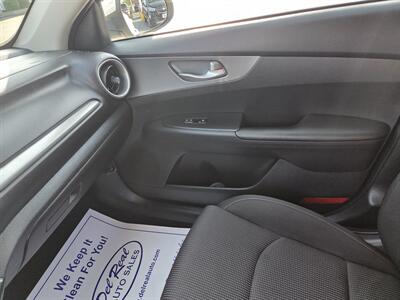 2021 Kia Forte LXS   - Photo 22 - Lafayette, IN 47905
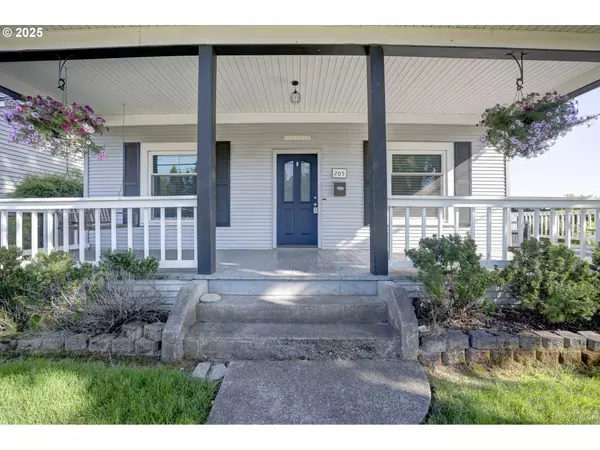 205 E HEREFORD ST, Gladstone, OR 97027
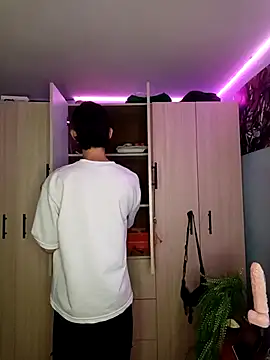 Snapshot of heyy_noah11 chatting on 4, 11, 2025 heyy noah11 online show from 4, 11, 2025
________________________
• [WHAT THE TASK ASKS]:
The whole listing is to be duplicated verbatim, apart from its images.

• [RESPONSE BELOW]:
 2021 Kia Forte LXS   - Photo 22 - Lafayette, IN 47905
 205 E HEREFORD ST, Gladstone, OR 97027
 Snapshot of heyy_noah11 chatting on 4, 11, 2025 heyy noah11 online show from 4, 11, 2025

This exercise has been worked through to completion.